Reproduce exactly the lines of the material beneath, from the line that contains "김종인과 회동, '질문에" to the line that contains "Single Family Residence", both included, and no other lines.

** Supplied material **
-=-=-

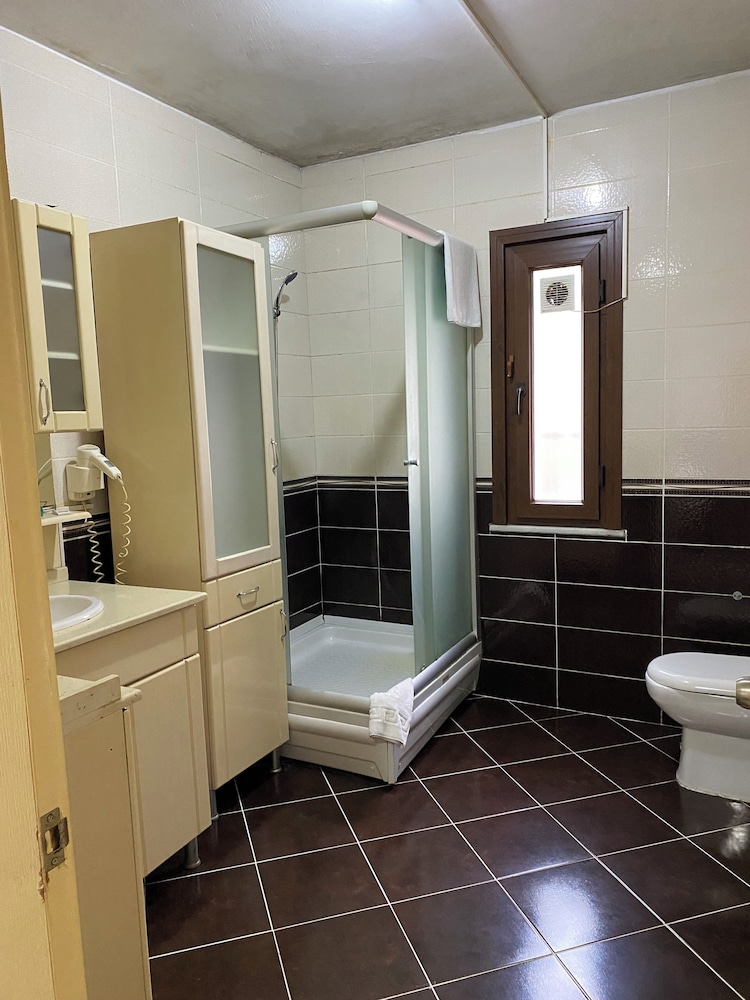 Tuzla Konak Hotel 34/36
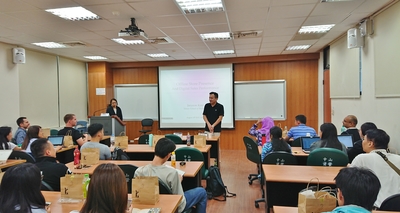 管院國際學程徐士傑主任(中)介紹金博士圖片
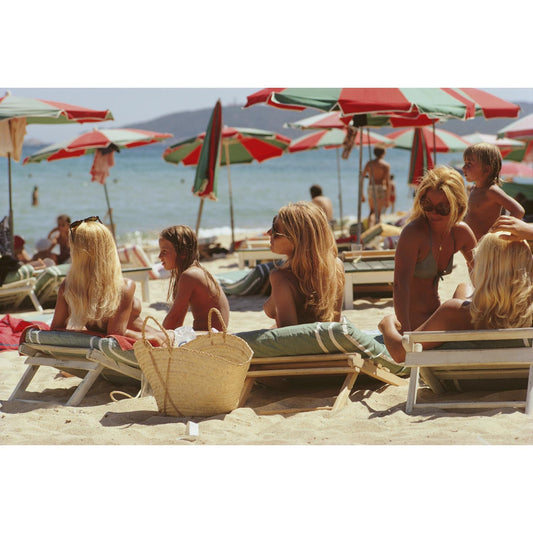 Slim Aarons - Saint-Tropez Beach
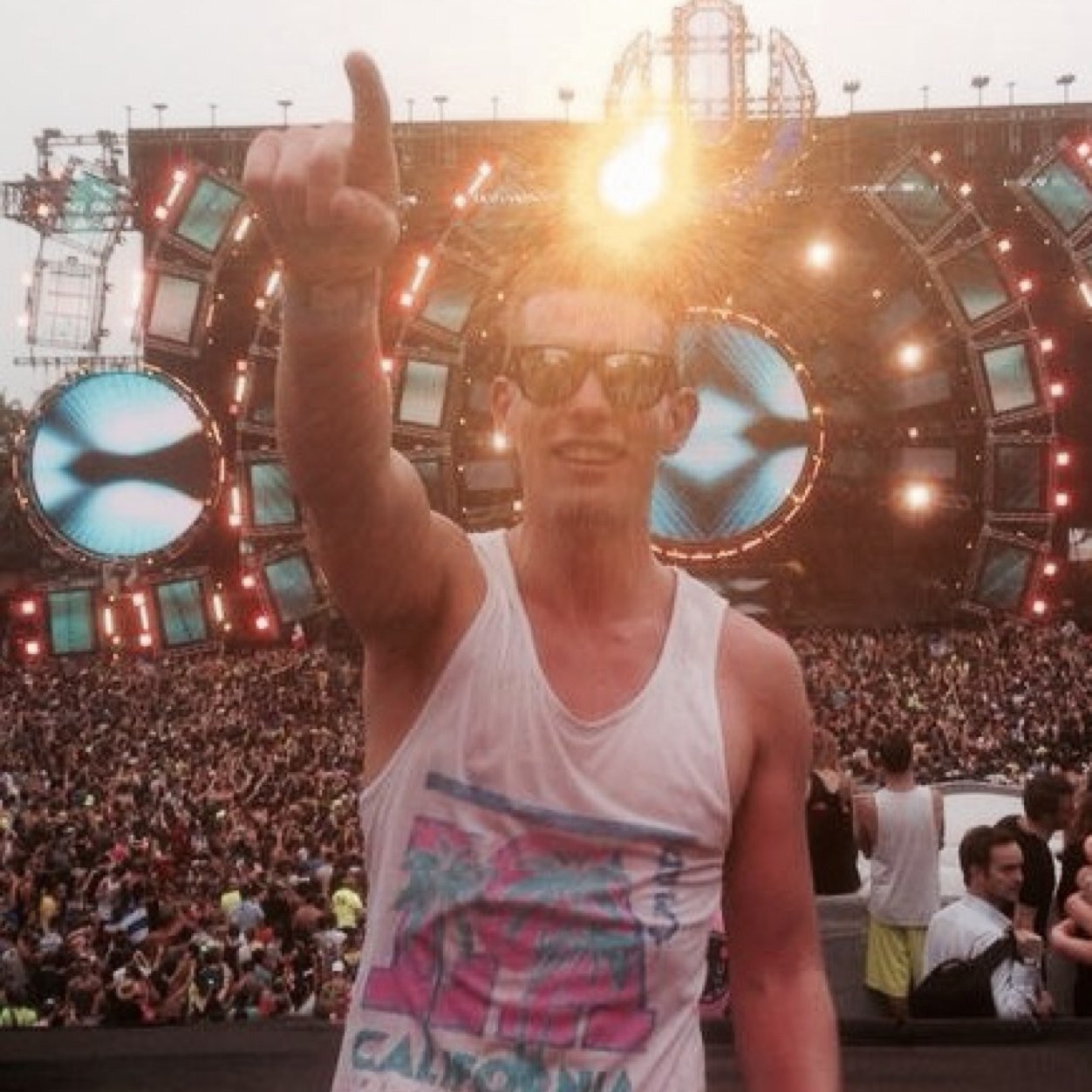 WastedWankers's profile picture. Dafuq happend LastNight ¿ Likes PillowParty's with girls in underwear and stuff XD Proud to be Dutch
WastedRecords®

-=-=-

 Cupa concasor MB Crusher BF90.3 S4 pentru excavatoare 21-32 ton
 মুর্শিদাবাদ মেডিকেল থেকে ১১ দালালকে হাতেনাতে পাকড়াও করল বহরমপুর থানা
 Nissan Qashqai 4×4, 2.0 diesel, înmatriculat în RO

-=-=-

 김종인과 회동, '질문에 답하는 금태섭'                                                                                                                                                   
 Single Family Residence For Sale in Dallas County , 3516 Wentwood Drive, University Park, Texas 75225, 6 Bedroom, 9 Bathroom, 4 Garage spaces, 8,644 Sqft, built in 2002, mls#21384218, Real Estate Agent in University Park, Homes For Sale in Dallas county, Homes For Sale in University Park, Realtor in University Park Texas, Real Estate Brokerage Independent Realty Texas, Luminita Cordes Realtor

-=-=-

** Task result **
 김종인과 회동, '질문에 답하는 금태섭'                                                                                                                                                   
 Single Family Residence For Sale in Dallas County , 3516 Wentwood Drive, University Park, Texas 75225, 6 Bedroom, 9 Bathroom, 4 Garage spaces, 8,644 Sqft, built in 2002, mls#21384218, Real Estate Agent in University Park, Homes For Sale in Dallas county, Homes For Sale in University Park, Realtor in University Park Texas, Real Estate Brokerage Independent Realty Texas, Luminita Cordes Realtor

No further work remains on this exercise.